玄文社主人の書斎

玄文社主人日々の雑感もしくは読後ノート

ヘンリー・ジェイムズ『ねじの回転』(3)

2015年03月14日 | ゴシック論
 まだある。語り主ダグラスの「どんな話よりすごいんだよ。僕の知る限り、足元に及ぶものはない」という言葉がそれである。考えてみれば『ねじの回転』の本当の作者は、ダグラスでもなければ女家庭教師でもない。ヘンリー・ジェイムズ自身である。
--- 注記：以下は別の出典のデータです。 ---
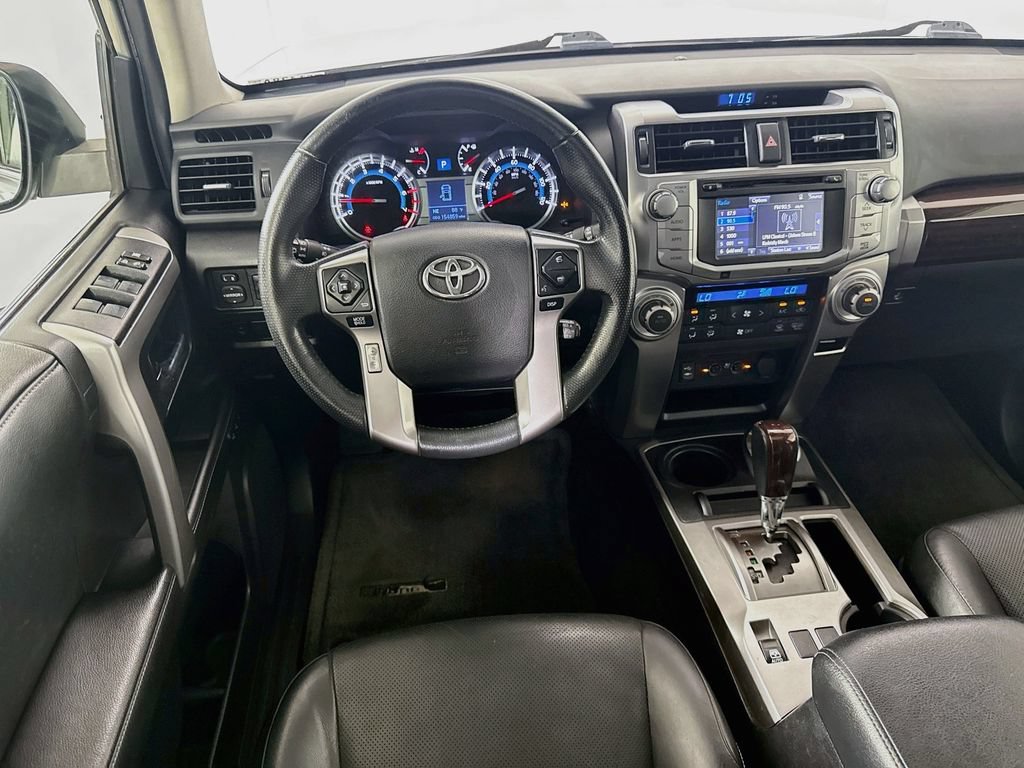 Used 2014 Toyota 4Runner Limited AWD/4WD image 22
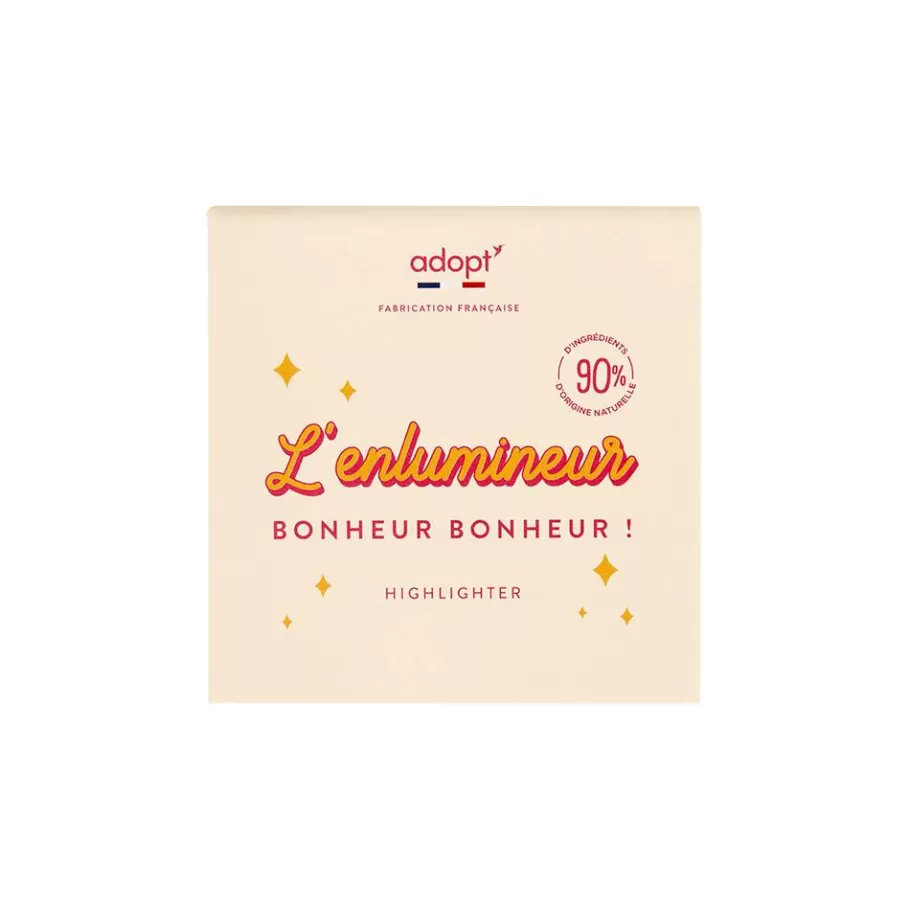 Adopt The Highlighter Bonheur Bonheur!< Powder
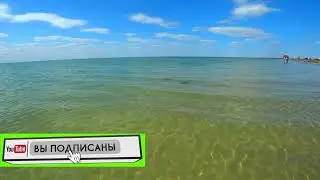Арабатская стрелка//сиваш// Стрелковое 2021 год.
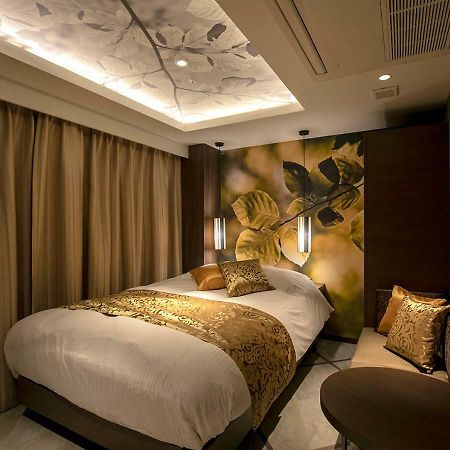 Hotel Rex Akasaka Prefektura Tokio Exteriér fotografie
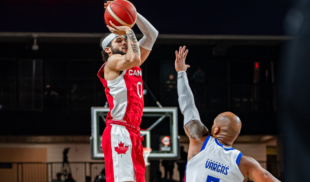 Vinotinto de Baloncesto no olvida de dónde viene y clasifica al Mundial perdiendo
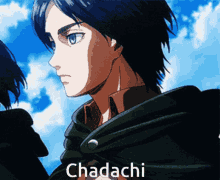 Chadachi Eren GIF - Chadachi Eren Aot GIFs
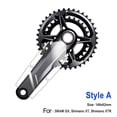 thumbnail image 1 of Autocollants Anti-Collision pour Manivelle de Vélo pour Sramshimanoxtr Slx, 1 of 9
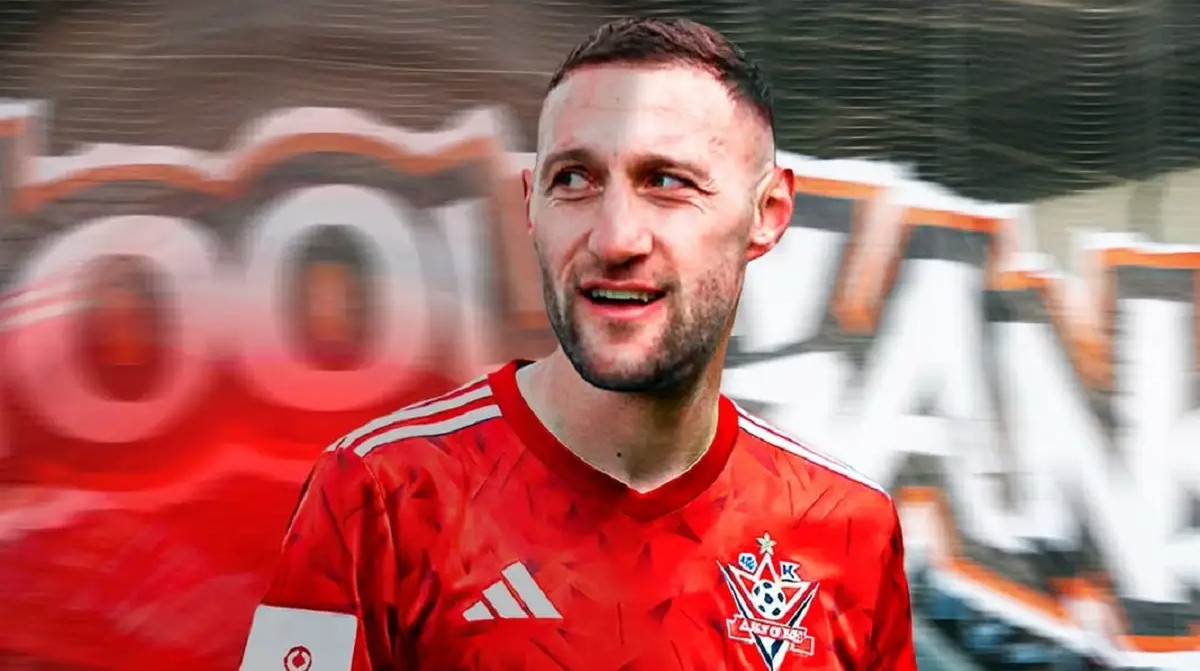 Скандальний ексгравець збірної України знайшов собі новий клуб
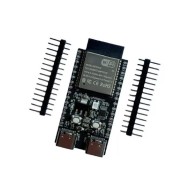 Placa de desenvolvimento ESP32-C5 N4 sem cabe&ccedil;alhos, WiFi 6 de banda dupla, Bluetooth 5, compat&iacute;vel com...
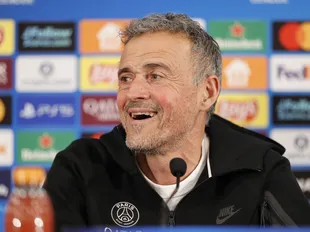 "No doubts whatsoever": Luis Enrique talks up PSG chances of taking Chelsea Champions League scalp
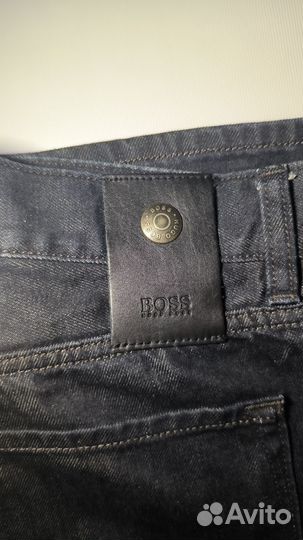 Джинсы hugo boss size 32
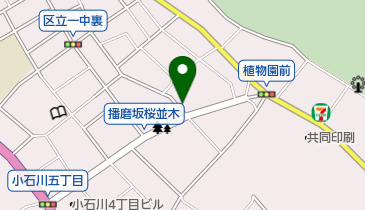 Pesce(ペッシェ)の地図画像
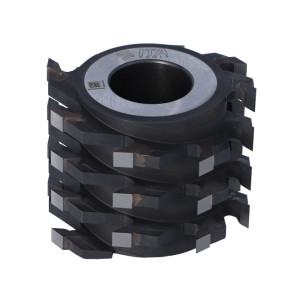 GJ1.Głowica D= 80 F=30  I=60 Z=8 MEC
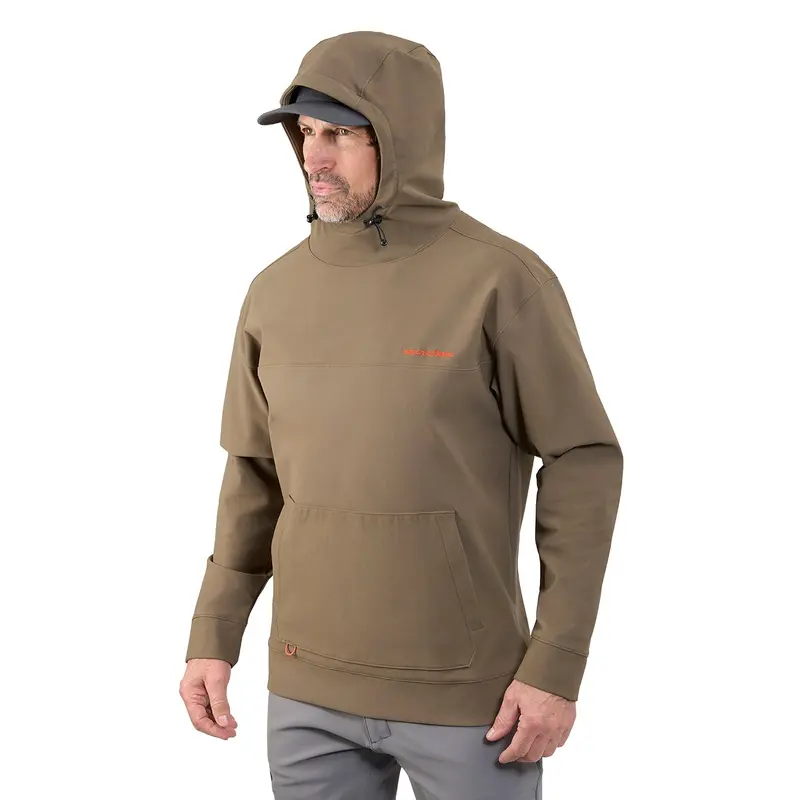 Grundens Kryall Fleece Hoodie 1
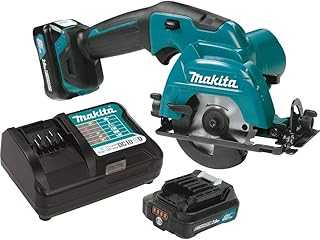 SH02R1 12V max CXT® Lithium-Ion Cordless 3-3/8" Circular Saw Kit (2.0Ah)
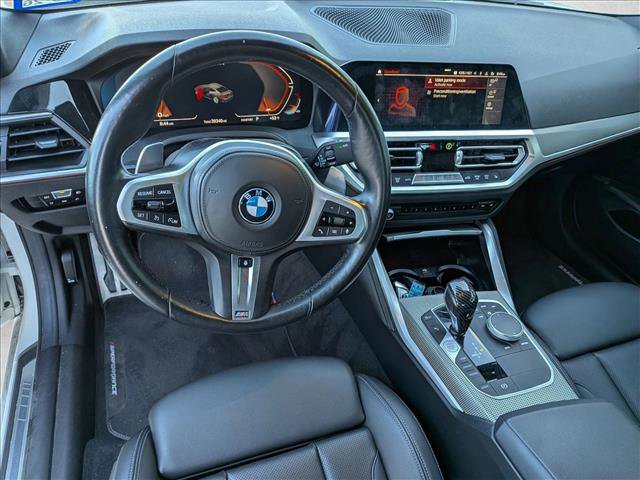 Used 2022 BMW M440i Coupe w/ Shadowloine Package image 9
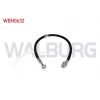 FREN HORTUMU ARKA SOL-SAG 600mm NISSAN PRIMERA (P12) 2002-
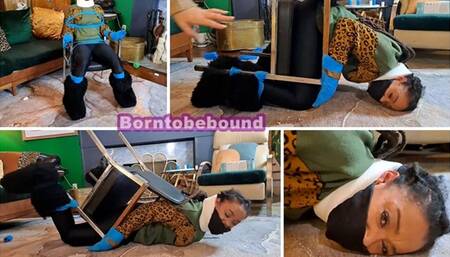 At least she didn't steal my UGGs (struggling)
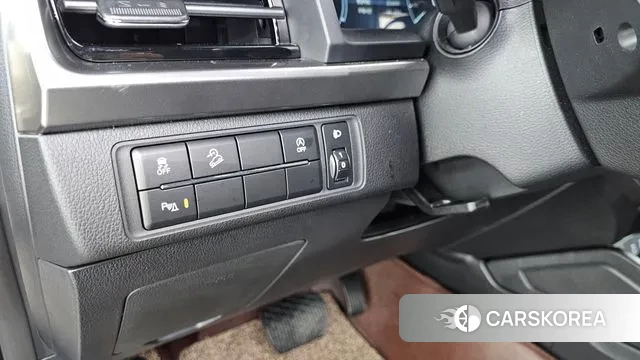 Ssangyong The New Rexton Sport 2024 Жемчужный цвет из Кореи, фото 4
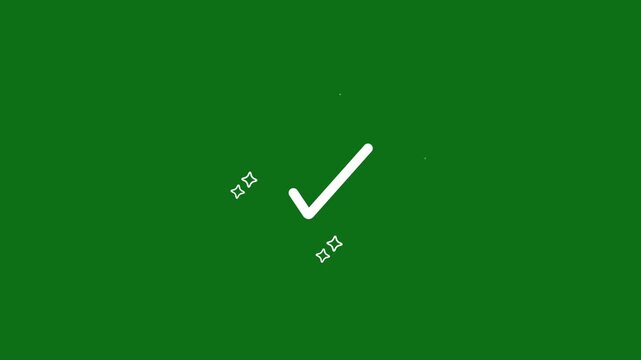 wrong mark red icon appearing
だからこの言葉は『ねじの回転』に対する自画自讃賛の一言でもある。
 ジェイムズは『ねじの回転』に相当な自信を持っていたのだと思うし、その自信は正当なものであった。前にも書いたが、この作品が世界中の恐怖小説の中で最も怖い小説の一つであることは間違いない。
 さらにダグラスの先の言葉に“わたし”が「こわさが、かい?」と尋ねると、ダグラスは「恐ろしさ――恐ろしさだよ!」と答えるが、その前に次の一節が置かれている。
「彼は、“そんな単純なことじゃない”とでも言いたげな表情で、なんと形容すべきかと思いあぐねているようすだった」。
 ヘンリー・ジェイムズ自身が“そんな単純なことじゃない”と考えていたのも確実である。
「こわさ」は原文ではterrorであり「恐ろしさ」はdreadfulnessである。terrorは肉体的あるいは精神的な恐怖を意味しているが、dreadfullには“ものすごい”という意味もあり、必ずしも恐怖にのみ関わる言葉ではない。ダグラスは単なる“恐怖”ではないと言っている。
彼はこう解説する。
「徹頭徹尾、不気味な醜さと恐怖と苦しみに満ちているんだ」(原文では"For general uncanny ugliness and horror and pain.")
 このダグラスの言葉をヘンリー・ジェイムズ自身の言葉として、作品を読む指標としなければならない。
 しかし、まだ結論として言うべき事ではないが、ジッドの言う「すべて心理的に説明できる」という判断が、まったく正しいと私は考えない。ヘンリー・ジェイムズは『ねじの回転』を、正統的なゴシック小説の場合のように超常現象があったとも読めるし、そうではなく“恋の魔法”にかかった精神が妄想する心霊現象に過ぎないものとしても読める作品として構想したに違いない。
 それが本当の「一ひねり」であろう。子供二人で「二ひねり」などというのは地口に過ぎない。しかし、マイルズとフローラという二人の子供が極めて重要な役割を与えられているのは間違いない。